2. Wie zou, zoals Jezus te kennen gaf, door hem gebruikt worden om zijn volgelingen geestelijk licht te verschaffen, en uit wie bestaat dat instrument?
2 In apostolische tijden heeft het Jezus Christus goedgedacht bovennatuurlijke middelen te gebruiken om zijn volgelingen de eerste lichtflitsen te geven. Wij hebben hier twee voorbeelden van: Pinksteren 33 G.T. en de bekering van Cornelius in 36 G.T. Vervolgens heeft het Christus goedgedacht zich van een menselijk instrument te bedienen, zoals hij ook had voorzegd: „Wie is werkelijk de getrouwe en beleidvolle slaaf, die door zijn meester over diens huisknechten is aangesteld om hun te rechter tijd hun voedsel te geven? Gelukkig is die slaaf wanneer zijn meester hem bij zijn aankomst daarmee bezig vindt! Voorwaar, ik zeg u: Hij zal hem aanstellen over al zijn bezittingen” (Mattheüs 24:45-47). Deze slaaf kon niet slechts één enkele persoon zijn, want hij moest geestelijk voedsel verschaffen vanaf het begin van de christelijke gemeente met Pinksteren totdat de Meester, Jezus Christus, zou komen om afrekening te houden. De feiten geven te kennen dat deze getrouwe en beleidvolle slaafklasse bestaat uit alle gezalfde christenen die als groep op een bepaald tijdstip op aarde leven.
3. Wie behoorden tot de eerste leden van de slaafklasse?
3 Wie behoorden tot de eerste leden van de getrouwe en beleidvolle slaafklasse? Een van hen was de apostel Petrus, die gehoor gaf aan Jezus’ gebod: „Voed mijn schaapjes” (Johannes 21:17).

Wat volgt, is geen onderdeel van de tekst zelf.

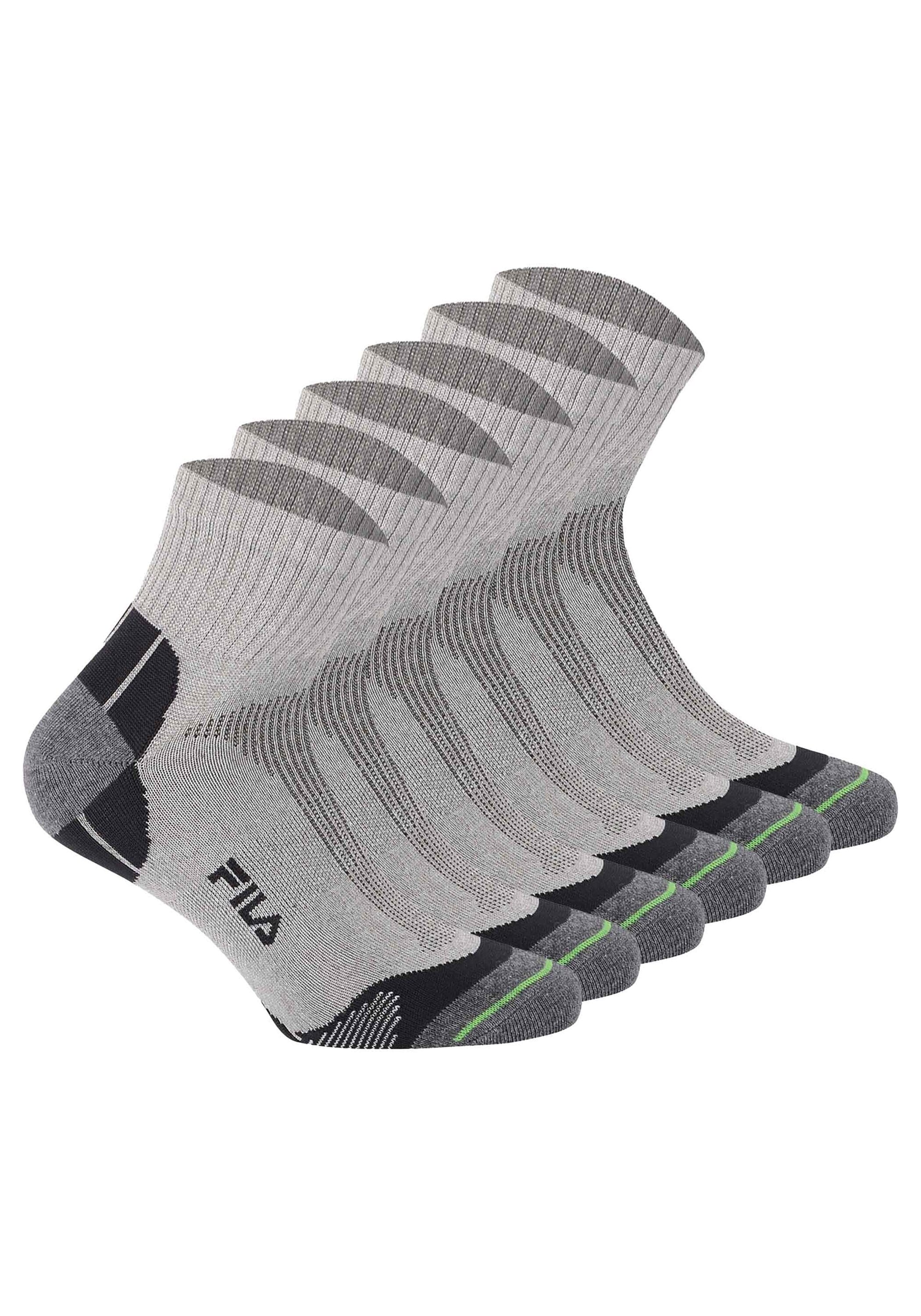 Kurzsocken FILA "Socken FILA QUARTER UNISEX SOCKS MULTISPORT 3P 6er Pack", Herren, Gr. 43-46, grau, Obermaterial: 87% Polyester PES. 10% Baumwolle CO. 3% Elasthan EL., Socken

Andere vroege leden van de slaafklasse waren Mattheüs, die het evangelie schreef dat zijn naam draagt, en Paulus, Jakobus en Judas, die geïnspireerde brieven schreven. De apostel Johannes, die het boek Openbaring, zijn evangelie en zijn brieven schreef, was eveneens een lid van de getrouwe en beleidvolle slaafklasse. Deze mannen schreven in overeenstemming met de opdracht die Jezus had gegeven.
4. Wie zijn de „huisknechten”?
4 Indien alle gezalfden als groep, waar zij zich ook op aarde bevinden, leden van de slaafklasse zijn, wie zijn dan de „huisknechten”? Zij zijn dezelfde gezalfden maar vanuit een ander gezichtspunt bezien — als afzonderlijke personen. Ja, als afzonderlijke personen zouden zij deel uitmaken van de „slaaf” of „huisknechten” zijn, al naar gelang zij geestelijk voedsel uitdeelden of het nuttigden. Ter illustratie: Zoals in 2 Petrus 3:15, 16 staat opgetekend, verwijst de apostel Petrus naar de brieven van Paulus. Wanneer Petrus ze las, zou hij als een van de huisknechten zijn die zich voedde met het geestelijke voedsel dat door Paulus als vertegenwoordiger van de slaafklasse was verschaft.
5. (a) Hoe verging het de slaaf in de eeuwen na de apostelen? (b) Welke ontwikkelingen vonden er in de tweede helft van de negentiende eeuw plaats?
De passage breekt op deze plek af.